→ Exercise
Output all entries exactly as they appear and skip the pictures.

→ The records
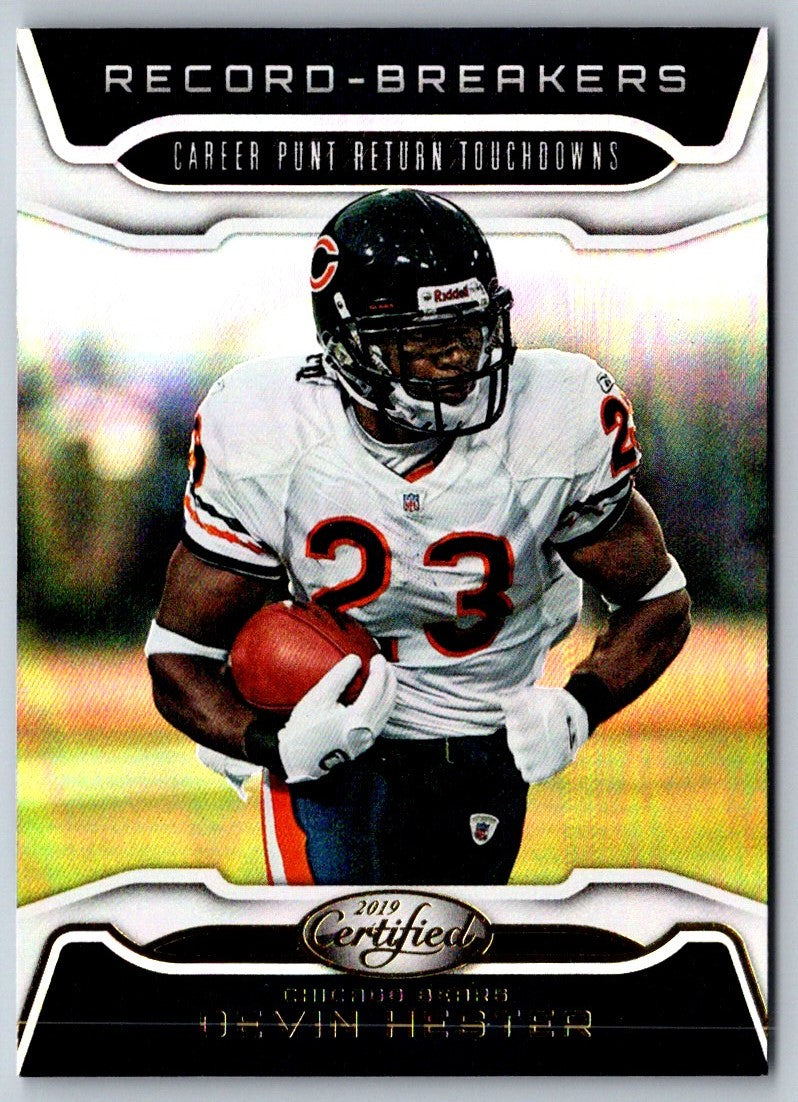 2019 Panini Certified Record Breakers Devin Hester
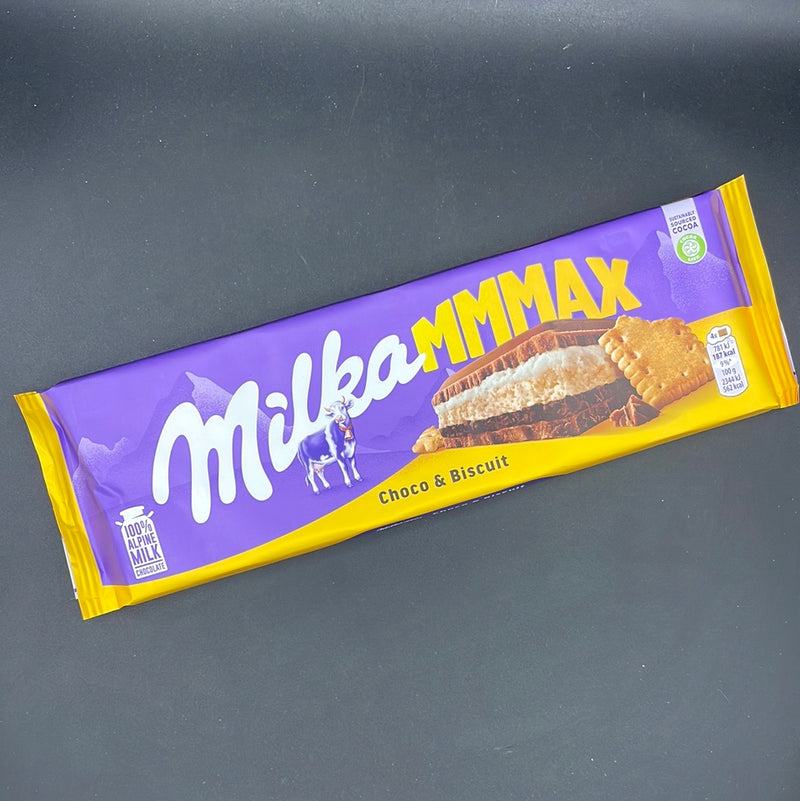 Milka MMMAX Choco & Biscuit, Mega 300g Chocolate Block (EURO)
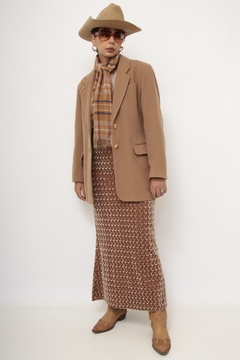 Blazer lã bege vintage - comprar online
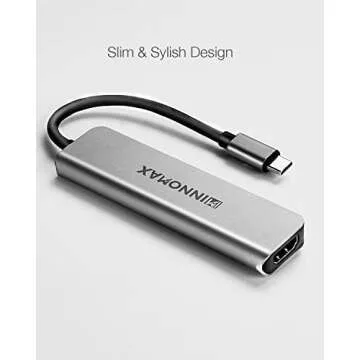 High-Quality USB C Hub with HDMI and 3 USB Ports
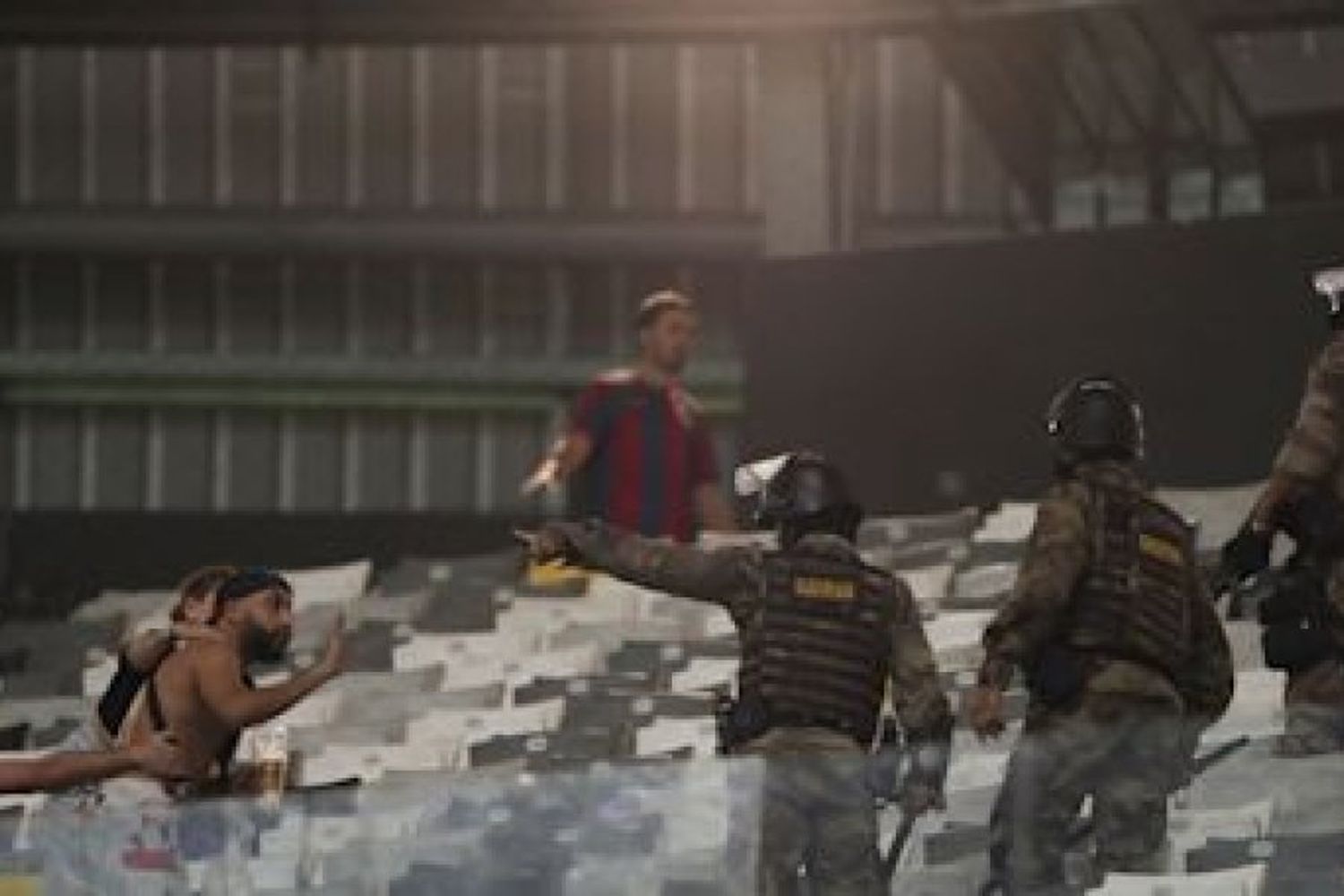 La Policía de Brasil detuvo a cuatro hinchas de San Lorenzo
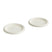 HAY Barro Ontbijtborden Ø 18 cm - Set van 2 - Gebroken Wit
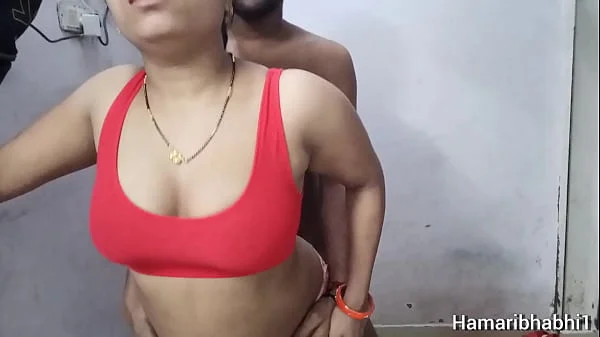 Indian Desi Bhabhi With Her Neighbour Boyfriend.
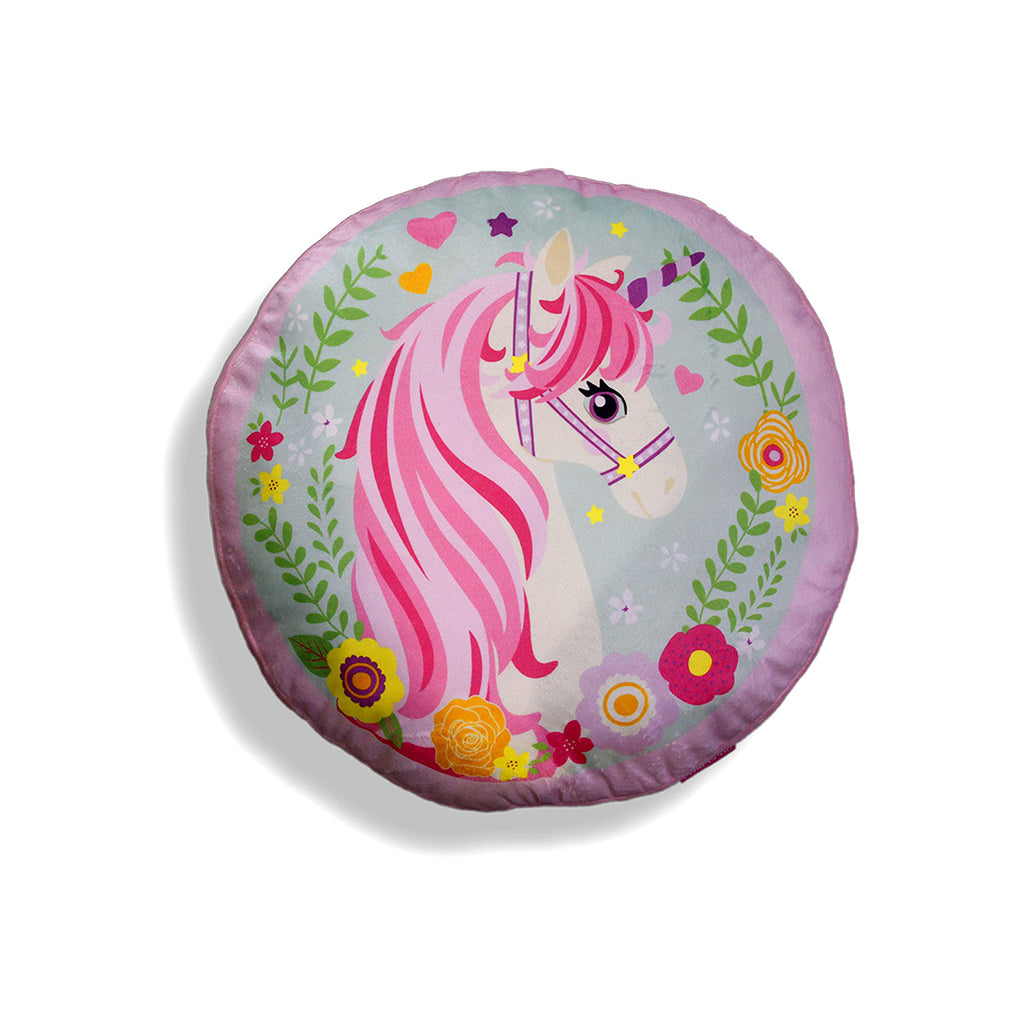 Cuscino Sagomato in Velluto Unicorno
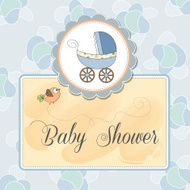 Baby boy announcement card N68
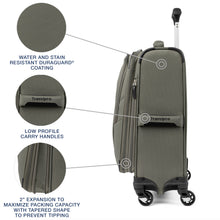 Maxlite® 5 Slim Handbagage uitbreidbaar  Softside 4 spinnerwielen 55cm (55 x 40 x 20 cm)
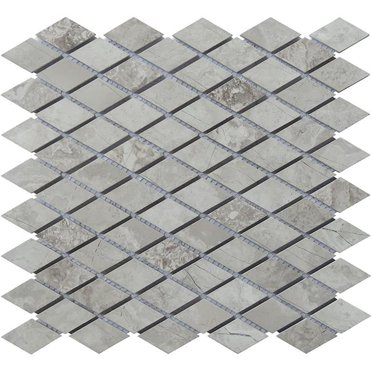Limestone Diamond Mosaic - Grey
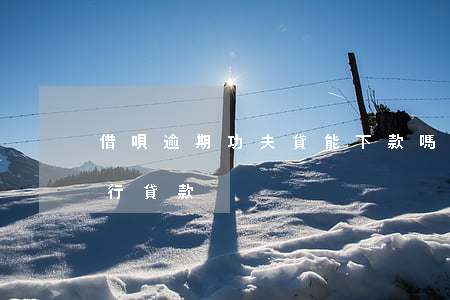 借唄逾期功夫貸能下款嗎(借唄逾期能不能銀行貸款)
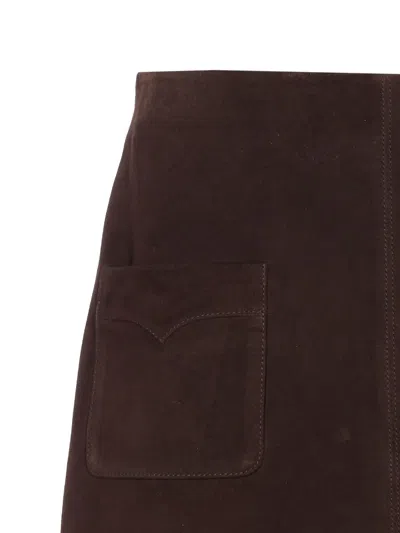 Zadig & Voltaire High Waist Mini Skirt With Front Pockets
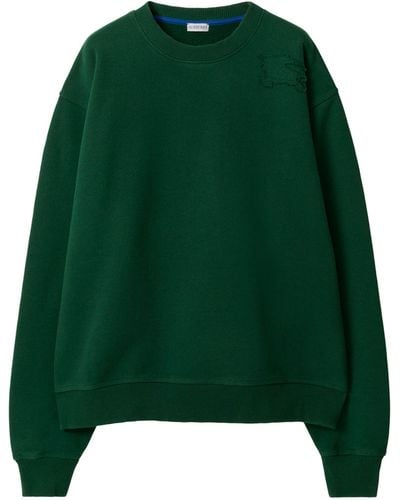 Burberry Cotton Ekd-appliqué Sweatshirt - Green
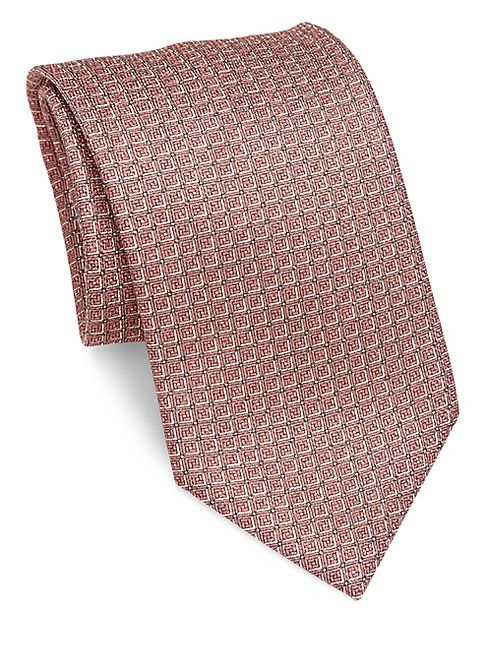 Brioni - Square Patterned Silk Tie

→ Solved problem
 2019 Panini Certified Record Breakers Devin Hester
 Milka MMMAX Choco & Biscuit, Mega 300g Chocolate Block (EURO)
 Blazer lã bege vintage - comprar online
 High-Quality USB C Hub with HDMI and 3 USB Ports
 La Policía de Brasil detuvo a cuatro hinchas de San Lorenzo
 HAY Barro Ontbijtborden Ø 18 cm - Set van 2 - Gebroken Wit
 Indian Desi Bhabhi With Her Neighbour Boyfriend.
 Cuscino Sagomato in Velluto Unicorno
 Baby boy announcement card N68
 Maxlite® 5 Slim Handbagage uitbreidbaar  Softside 4 spinnerwielen 55cm (55 x 40 x 20 cm)
Limestone Diamond Mosaic - Grey
 借唄逾期功夫貸能下款嗎(借唄逾期能不能銀行貸款)
 Zadig & Voltaire High Waist Mini Skirt With Front Pockets
 Burberry Cotton Ekd-appliqué Sweatshirt - Green
 Brioni - Square Patterned Silk Tie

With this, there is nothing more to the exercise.